What to produce: Copy out the listing that follows, exact in every word, and skip the images.

Excerpted records:
= Beginning of Section =

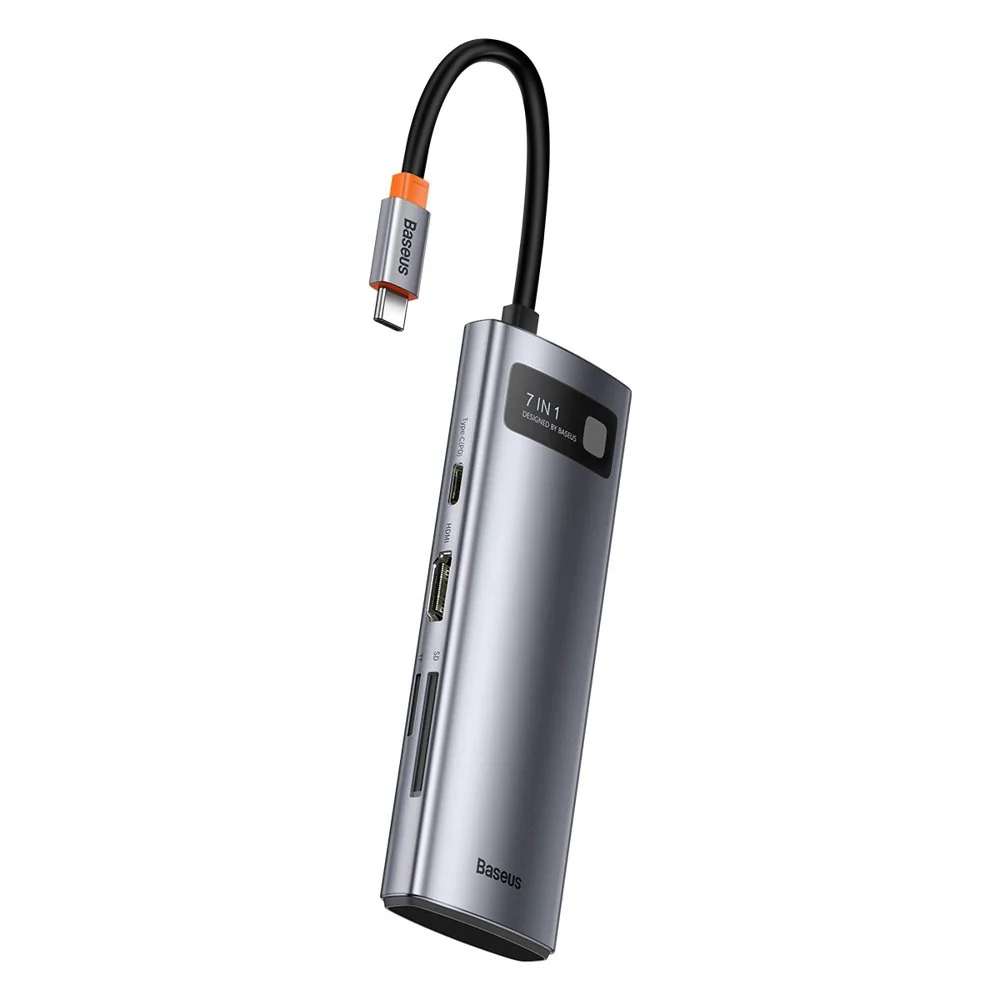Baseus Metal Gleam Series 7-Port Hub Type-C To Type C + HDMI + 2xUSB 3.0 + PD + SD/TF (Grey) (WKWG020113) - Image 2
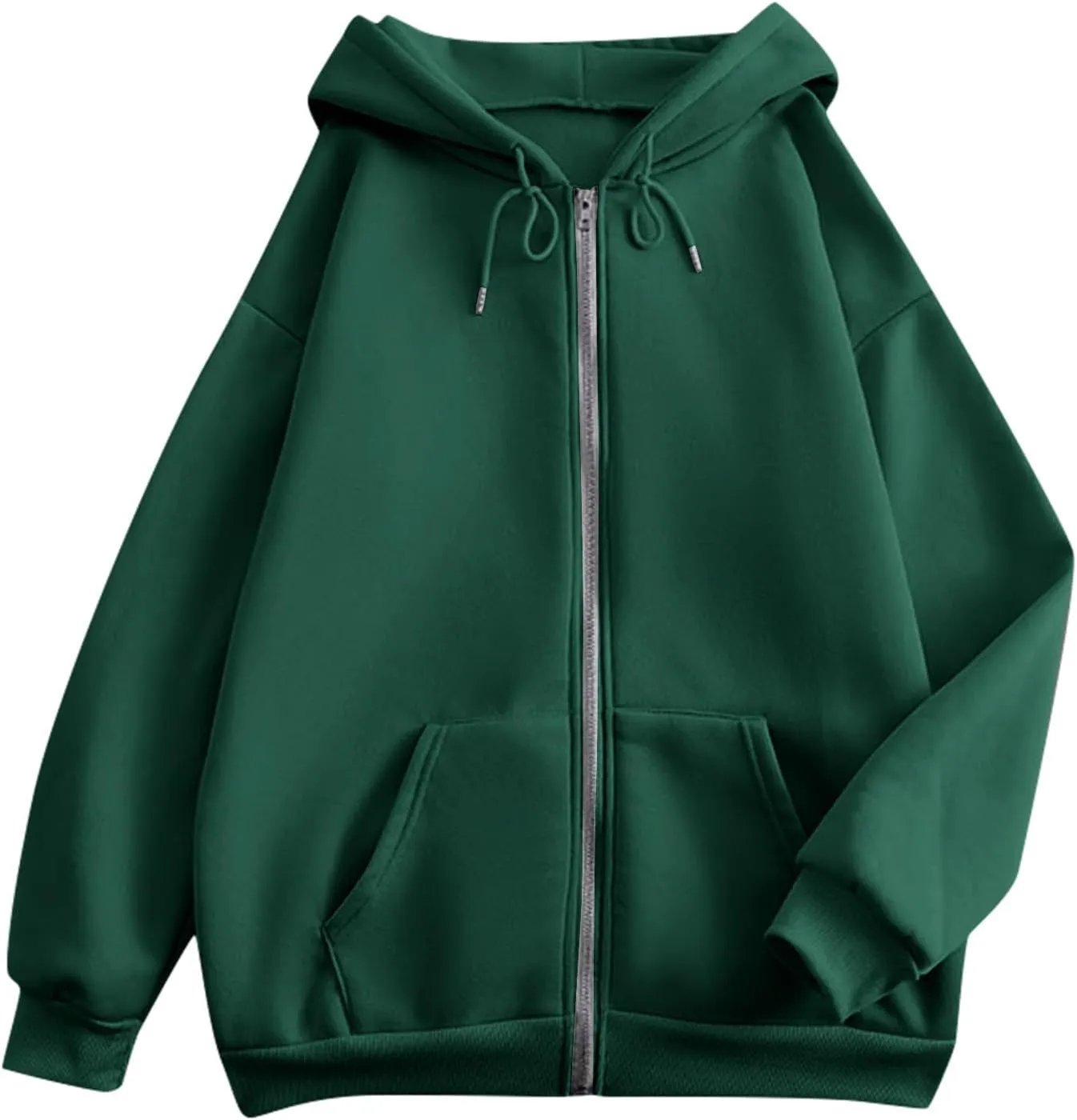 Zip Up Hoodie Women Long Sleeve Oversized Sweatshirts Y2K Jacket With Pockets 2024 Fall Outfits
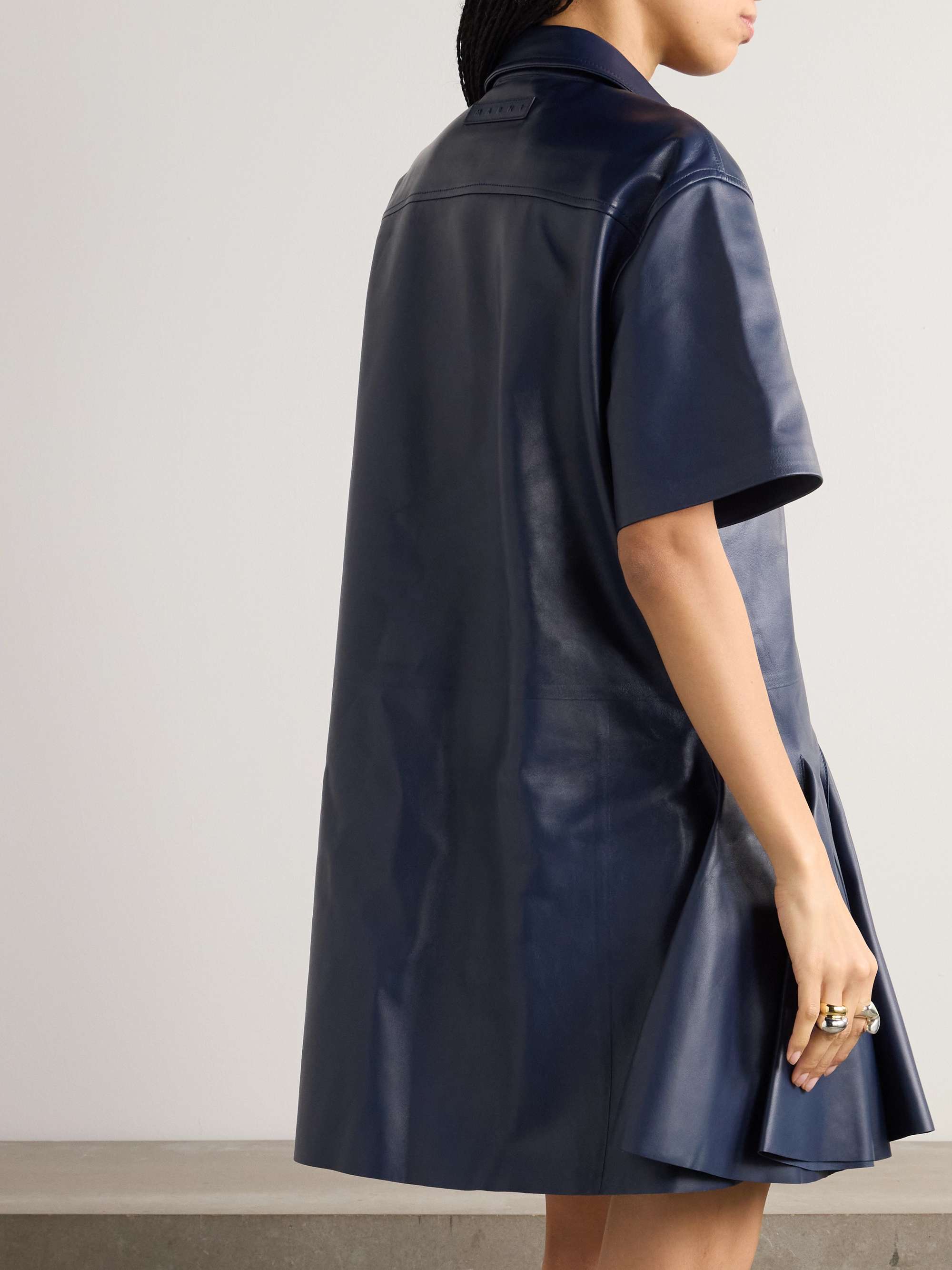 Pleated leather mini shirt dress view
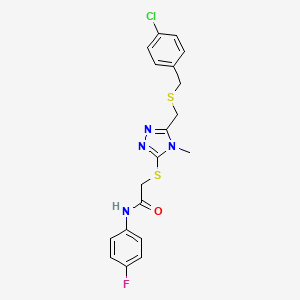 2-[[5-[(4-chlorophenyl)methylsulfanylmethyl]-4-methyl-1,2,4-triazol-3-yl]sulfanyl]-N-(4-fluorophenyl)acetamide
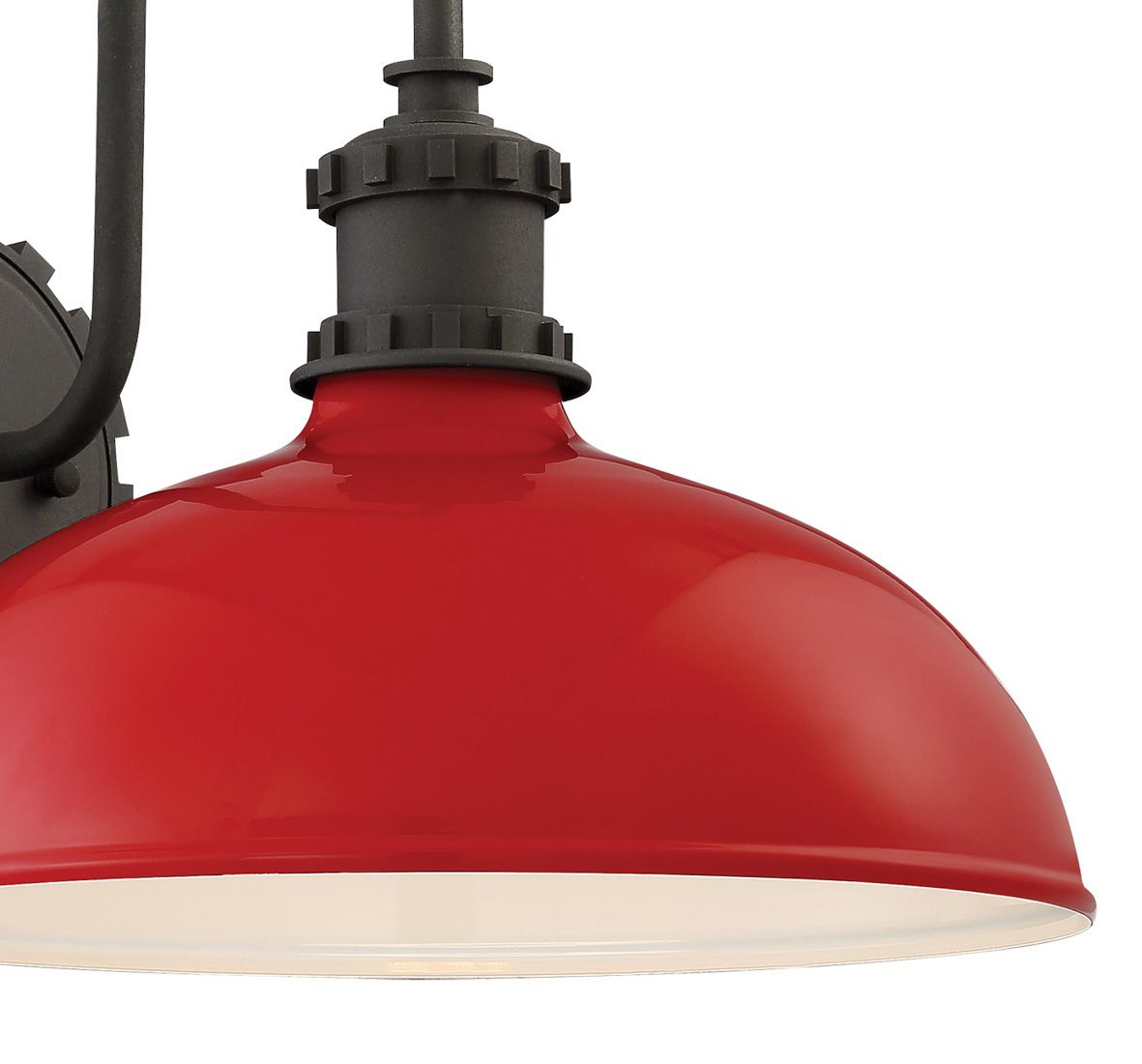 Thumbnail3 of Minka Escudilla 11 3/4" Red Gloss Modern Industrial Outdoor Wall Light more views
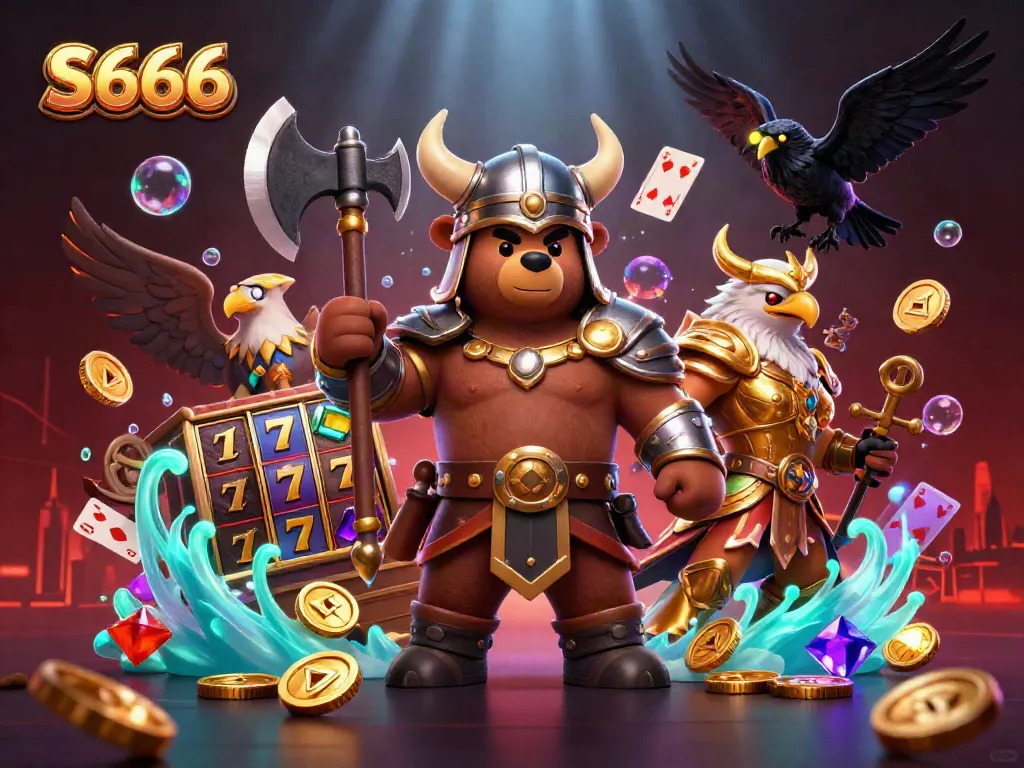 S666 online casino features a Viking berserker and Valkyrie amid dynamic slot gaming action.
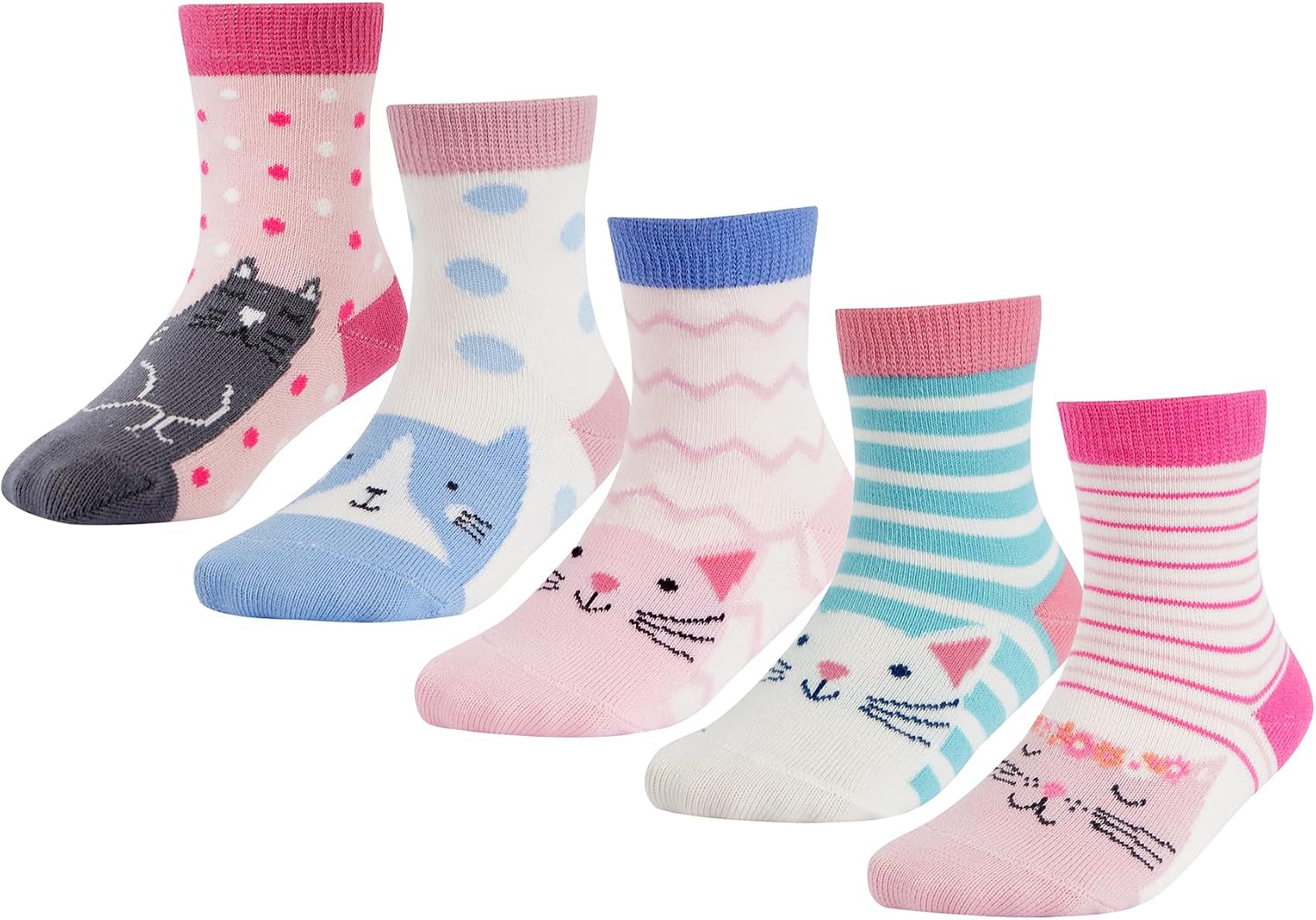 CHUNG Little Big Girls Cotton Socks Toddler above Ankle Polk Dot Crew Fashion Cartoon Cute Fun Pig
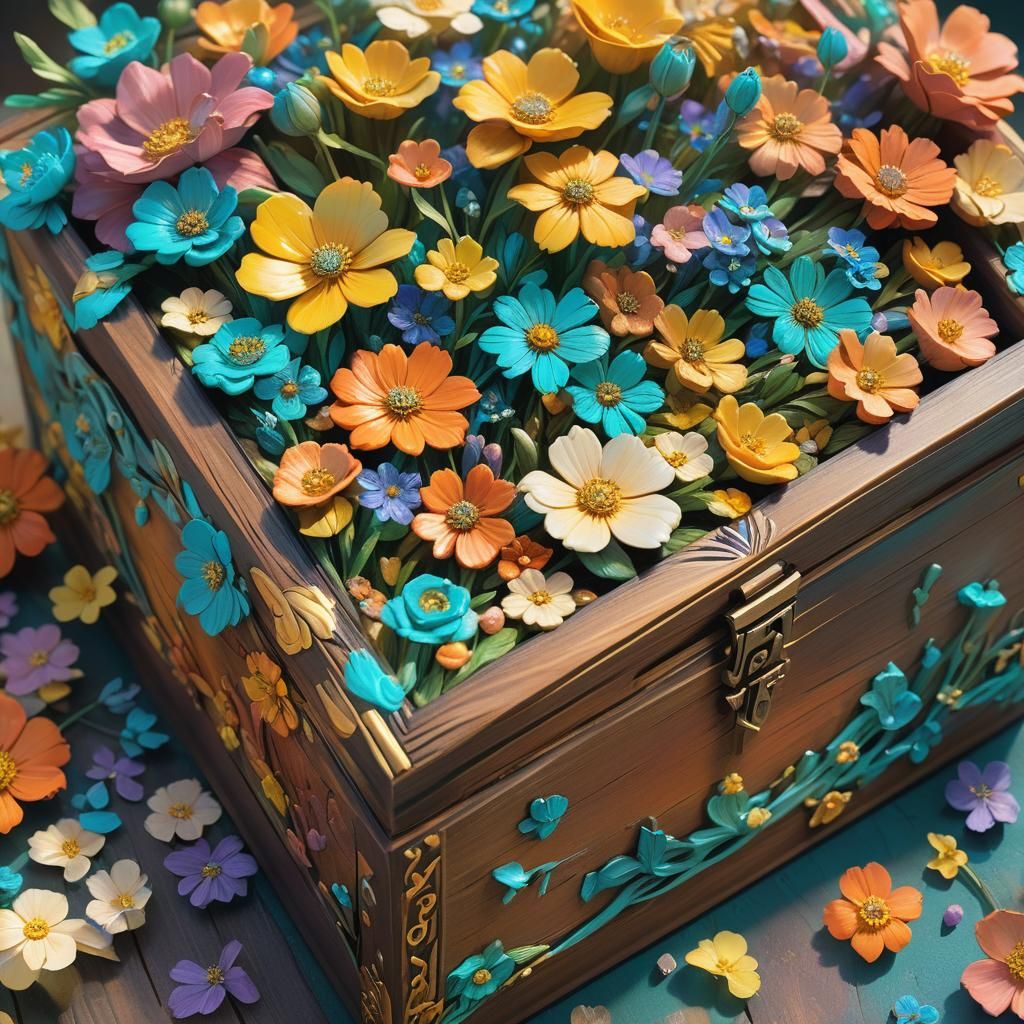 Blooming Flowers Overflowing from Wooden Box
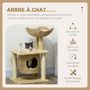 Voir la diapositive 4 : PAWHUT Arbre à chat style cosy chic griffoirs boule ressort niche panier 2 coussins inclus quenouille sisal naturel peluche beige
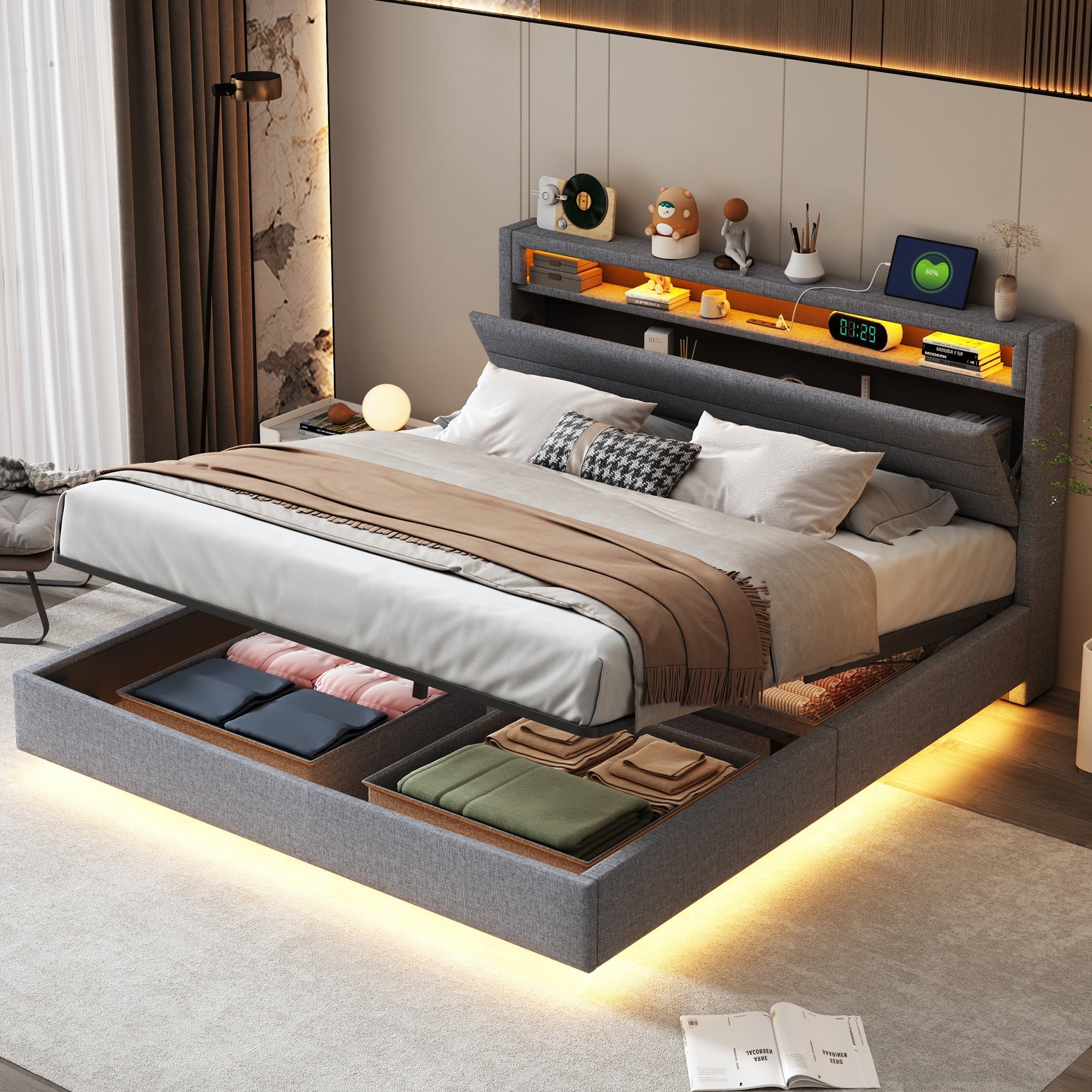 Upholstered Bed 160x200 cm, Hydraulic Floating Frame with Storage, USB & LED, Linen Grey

= End of Section =

Final answer:
Baseus Metal Gleam Series 7-Port Hub Type-C To Type C + HDMI + 2xUSB 3.0 + PD + SD/TF (Grey) (WKWG020113) - Image 2
 Zip Up Hoodie Women Long Sleeve Oversized Sweatshirts Y2K Jacket With Pockets 2024 Fall Outfits
 Pleated leather mini shirt dress view
 2-[[5-[(4-chlorophenyl)methylsulfanylmethyl]-4-methyl-1,2,4-triazol-3-yl]sulfanyl]-N-(4-fluorophenyl)acetamide
 Thumbnail3 of Minka Escudilla 11 3/4" Red Gloss Modern Industrial Outdoor Wall Light more views
 S666 online casino features a Viking berserker and Valkyrie amid dynamic slot gaming action.
 CHUNG Little Big Girls Cotton Socks Toddler above Ankle Polk Dot Crew Fashion Cartoon Cute Fun Pig
 Blooming Flowers Overflowing from Wooden Box
 Voir la diapositive 4 : PAWHUT Arbre à chat style cosy chic griffoirs boule ressort niche panier 2 coussins inclus quenouille sisal naturel peluche beige
 Upholstered Bed 160x200 cm, Hydraulic Floating Frame with Storage, USB & LED, Linen Grey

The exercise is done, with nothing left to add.